Dashboards are a way to present this data in a coherent, quick and easy-to-interpret format. The process of capturing the information in these panels is based on selecting the relevant data to answer the questions about the level of achievement of the objectives we set out at the beginning. In other words, by means of this data visualization we must be able to answer: are we meeting the objectives?
Thus, this dashboard should have the following characteristics:
- Each graph on the dashboard must have a clear purpose and respond to a specific key result of the Measurement Plan,
- The dashboard and the information displayed must address a specific audience (business management, marketing team, etc.),
- It should show relevant information in a clear and efficient way,
- It is advisable to show trends and changes in data over time,
- We must choose the right type of chart (bar charts, tables, treemaps, etc.) to show the data we have selected,
- We recommend organizing the graphs hierarchically according to the relevance of each one to facilitate reading for the user. We can consider resources such as color, size and position of the elements, as it can also help the understanding of the data.
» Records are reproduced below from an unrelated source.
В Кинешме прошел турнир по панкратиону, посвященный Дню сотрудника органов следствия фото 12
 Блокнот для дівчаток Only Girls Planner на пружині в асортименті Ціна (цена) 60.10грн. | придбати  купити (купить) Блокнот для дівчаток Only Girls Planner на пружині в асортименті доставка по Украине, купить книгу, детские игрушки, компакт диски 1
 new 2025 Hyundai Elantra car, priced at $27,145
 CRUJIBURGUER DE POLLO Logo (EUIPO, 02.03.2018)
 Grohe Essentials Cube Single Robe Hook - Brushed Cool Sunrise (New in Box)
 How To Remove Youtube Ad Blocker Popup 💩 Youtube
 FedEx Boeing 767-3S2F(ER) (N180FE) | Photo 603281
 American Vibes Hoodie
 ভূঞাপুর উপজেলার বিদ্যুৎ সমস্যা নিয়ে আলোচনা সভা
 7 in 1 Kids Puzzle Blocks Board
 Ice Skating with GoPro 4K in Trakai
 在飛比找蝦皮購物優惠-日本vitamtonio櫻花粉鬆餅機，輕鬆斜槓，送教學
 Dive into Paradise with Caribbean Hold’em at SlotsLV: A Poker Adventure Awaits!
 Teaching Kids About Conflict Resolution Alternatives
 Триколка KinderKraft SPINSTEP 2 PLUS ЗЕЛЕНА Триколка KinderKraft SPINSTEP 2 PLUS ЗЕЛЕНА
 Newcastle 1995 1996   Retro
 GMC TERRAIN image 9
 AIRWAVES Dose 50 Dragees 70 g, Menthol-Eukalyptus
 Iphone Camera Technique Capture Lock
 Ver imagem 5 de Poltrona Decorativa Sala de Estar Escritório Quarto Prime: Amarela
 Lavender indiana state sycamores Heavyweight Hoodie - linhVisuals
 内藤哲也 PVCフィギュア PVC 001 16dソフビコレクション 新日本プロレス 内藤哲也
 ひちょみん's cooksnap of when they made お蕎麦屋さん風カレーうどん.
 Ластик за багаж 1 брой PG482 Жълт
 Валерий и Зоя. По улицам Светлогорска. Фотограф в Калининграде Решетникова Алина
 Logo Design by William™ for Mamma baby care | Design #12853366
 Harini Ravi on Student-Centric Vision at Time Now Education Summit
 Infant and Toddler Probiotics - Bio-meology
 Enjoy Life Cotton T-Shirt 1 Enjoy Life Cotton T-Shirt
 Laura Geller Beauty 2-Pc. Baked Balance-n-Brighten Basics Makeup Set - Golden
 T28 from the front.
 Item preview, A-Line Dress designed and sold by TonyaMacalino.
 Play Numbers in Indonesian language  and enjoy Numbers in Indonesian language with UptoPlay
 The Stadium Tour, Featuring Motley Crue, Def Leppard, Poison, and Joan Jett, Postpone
- It is advisable to provide filters based, for example, on dimensions, date ranges, etc., in order to customize the way in which the data is displayed.
Based on the visualization and data analysis from this panel, and its comparison with the goals set in the first stage of the measurement process, we can evaluate the success and/or achievement of the objectives.
If they are not being met as expected, optimizations or improvements can be made to the developed digital product, such as:
- Relocate menu items,
- Modify the order of home sections,
- Rethink the design of a download button,
- Adjust the information architecture of a product and its by-products,
- Adapt the fields of a form,
More and more companies are joining the necessary digital transformation process and integrating new technologies into their business models. These implementations put a large amount of data at their disposal, requiring a frame of reference and a comprehensive analysis to inform relevant decision making for these companies. It is necessary, then, to carry out a measurement strategy through this series of steps, which will allow us to identify the indicators that will determine a digital product’s success.Building and evolving a digital product is a long-term process during which it must be constantly monitored and optimized based on its performance and objectives. Developing measurable digital products allows us to adopt a strategic and precise view that contributes to this task of continuous evolution.